[[ DATA BELOW open ]]

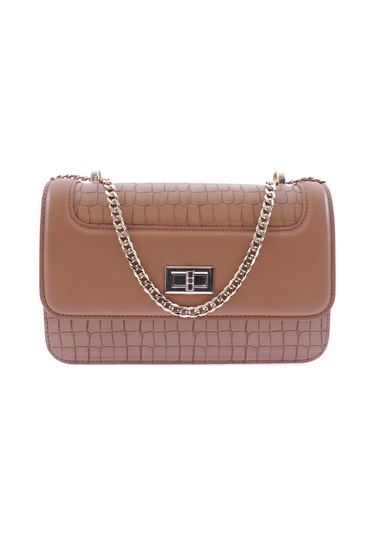 Dgn 3025-2168 Kadin Zincir Askili Çanta 3025-2168-R6136 Taba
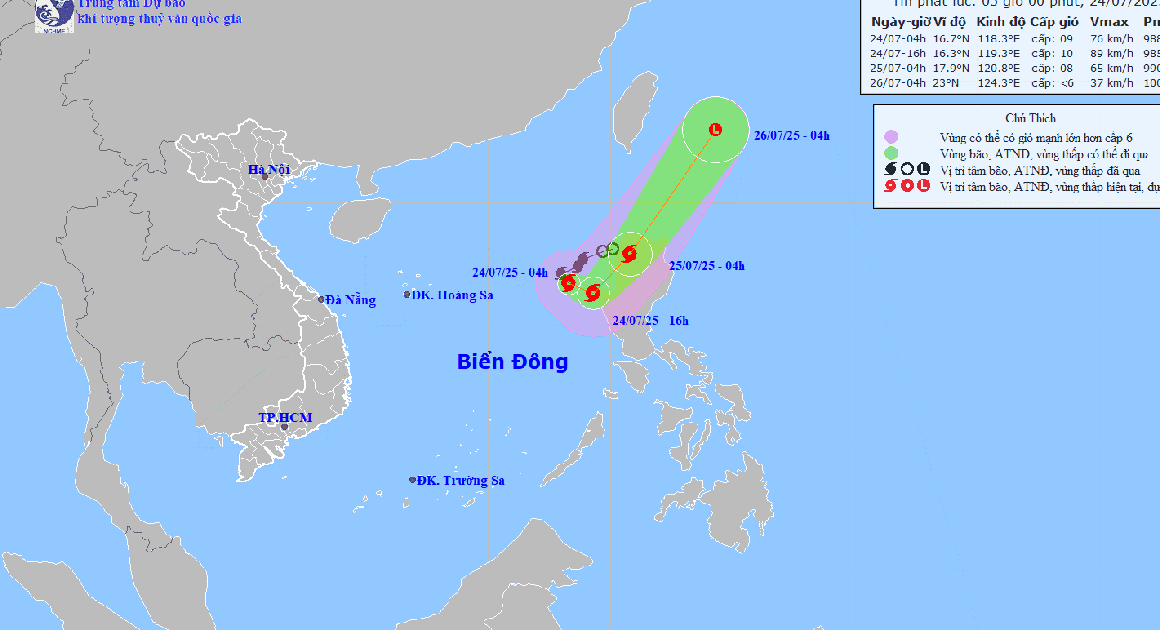 BÃO SỐ 4 / CỎ MAY SẮP CÓ CÔNG KHAI MẠNH KHƠI TRÒN BIỂN ĐÔNG!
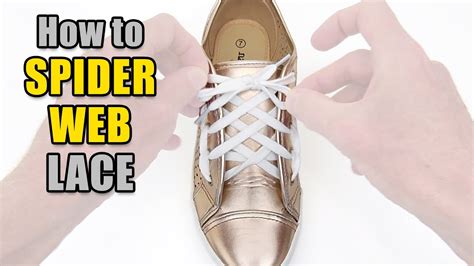 Spider Web Lacing Tutorial Professor Shoelace Youtube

[[ DATA BELOW closed ]]

* [WORK ITEM]
Transcribe all the data word for word; the images stay out.

* [THE ANSWER]
 Dgn 3025-2168 Kadin Zincir Askili Çanta 3025-2168-R6136 Taba
 BÃO SỐ 4 / CỎ MAY SẮP CÓ CÔNG KHAI MẠNH KHƠI TRÒN BIỂN ĐÔNG!
 Spider Web Lacing Tutorial Professor Shoelace Youtube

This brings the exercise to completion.